Creativity’s influence on those who practice medicine doesn’t stop there, though: There are plenty of individuals here whose creative minds work just as hard in the clinical setting. For instance, there’s Mandy Sauler, who carries the interesting title of Micropigmentation Specialist here at Penn Medicine, which is the fancy institutional way we say ‘tattoo artist.’ Sauler got her start about two decades ago in her mother’s tattoo shop, but today she uses her skills as an artist to help cancer patients who have undergone mastectomy or breast reconstruction. Her experience allows her to tattoo realistic areolas onto these women, giving them back something they’d lost.

We’ve also told the story of the Philadelphia Threshold Singers, who use their musical prowess to provide comfort to hospice patients.

In many ways, the link between the creative mind and the scientific mind appears to be stronger than ever. The world is more connected than ever before, and the creative minds that might otherwise stay relatively hidden are finding ways to connect with one another or express themselves to wider audiences—to exercise that creativity, and in doing so find new ways to integrate it with their careers.

The development of approaches like narrative medicine and the way it has been embraced here at Penn by physicians like Jason Karlawish, MD—an accomplished writer—and John H. Hansen-Flaschen, MD—an accomplished photographer—is, one might argue, indicative of momentum.
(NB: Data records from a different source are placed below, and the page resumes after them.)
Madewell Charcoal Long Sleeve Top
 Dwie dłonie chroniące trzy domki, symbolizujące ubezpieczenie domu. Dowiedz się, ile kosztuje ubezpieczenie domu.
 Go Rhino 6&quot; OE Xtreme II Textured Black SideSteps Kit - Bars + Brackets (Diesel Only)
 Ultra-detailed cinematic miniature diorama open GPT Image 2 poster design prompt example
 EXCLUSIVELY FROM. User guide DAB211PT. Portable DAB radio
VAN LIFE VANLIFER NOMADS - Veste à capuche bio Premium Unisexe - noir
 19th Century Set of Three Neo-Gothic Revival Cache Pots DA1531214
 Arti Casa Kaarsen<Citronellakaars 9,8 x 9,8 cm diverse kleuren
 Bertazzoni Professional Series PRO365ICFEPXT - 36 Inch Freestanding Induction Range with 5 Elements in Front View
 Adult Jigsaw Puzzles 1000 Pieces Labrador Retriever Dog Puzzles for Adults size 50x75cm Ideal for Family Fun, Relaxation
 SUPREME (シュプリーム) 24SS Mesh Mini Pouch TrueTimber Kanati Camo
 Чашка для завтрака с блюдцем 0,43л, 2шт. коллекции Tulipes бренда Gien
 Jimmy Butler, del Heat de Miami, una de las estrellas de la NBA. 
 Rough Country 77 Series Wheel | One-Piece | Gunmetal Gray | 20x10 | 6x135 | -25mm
Creativity, having long been embraced and exercised by scientific minds like Oppenheimer and Einstein, appears to be weaving its way into the very fabric of medical practice.

Chekhov once wrote in a letter to a Russian publisher, “Medicine is my lawful wife, and literature is my mistress.” He understood then, just as so many understood before and have understood since, that the human mind’s boundless complexity allows for boundless fascination—and myriad ways to intertwine those fascinations. For some physicians, creativity is more than just an outlet: It’s integral to their practice, and how they approach the monumental task of helping others.